In pediatric patients, the immune response to H. pylori typically reflects a low-grade, cell-mediated inflammatory pattern. Sustained antigenic stimulation promotes persistent mucosal inflammation while simultaneously altering the balance of circulating neutrophils, lymphocytes, and platelets (3, 4). These systemic changes indicate that the infection is not confined to the gastric mucosa but may also be indirectly monitored through peripheral hematological parameters.

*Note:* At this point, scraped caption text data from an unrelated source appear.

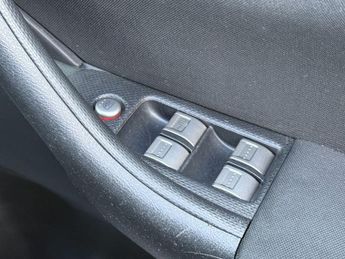 HONDA CIVIC 1.6 i-VTEC SE Hatchback 5dr Petrol Automatic (172 g/km, 108 bhp)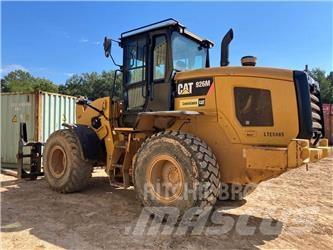 CAT 926M Iekrāvēji uz riteņiem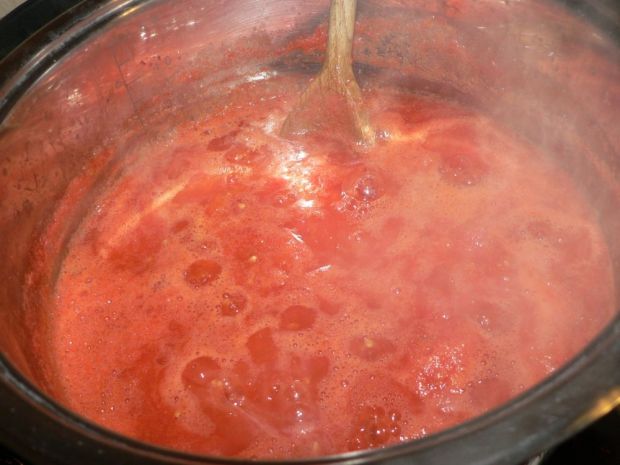 Sos pomidorowo-korzenny 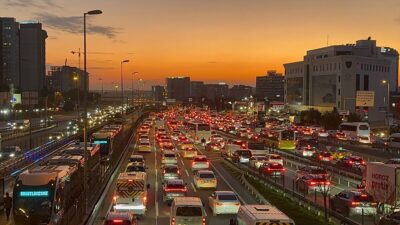 İSTANBUL (AA) – İstanbul'da, haftanın üçüncü mesai günü bitiminde ana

In this context, hematological indices derived from the complete blood count (CBC) have gained increasing attention as non-invasive biomarkers for the evaluation of chronic inflammatory processes in children. Various CBC-derived ratios, including the neutrophil-to-lymphocyte ratio (NLR), platelet-to-lymphocyte ratio (PLR), and lymphocyte-to-monocyte ratio (LMR), have been explored as indirect markers of systemic immune activation in a range of pediatric disorders (5). However, existing pediatric studies on H. pylori have reported heterogeneous diagnostic performance, and data correlating these indices with histopathological severity or bacterial density remain limited (6, 7). This uncertainty highlights the need to better define the clinical utility of CBC-based composite markers in the non-invasive assessment of H. pylori-associated gastric inflammation in the pediatric population.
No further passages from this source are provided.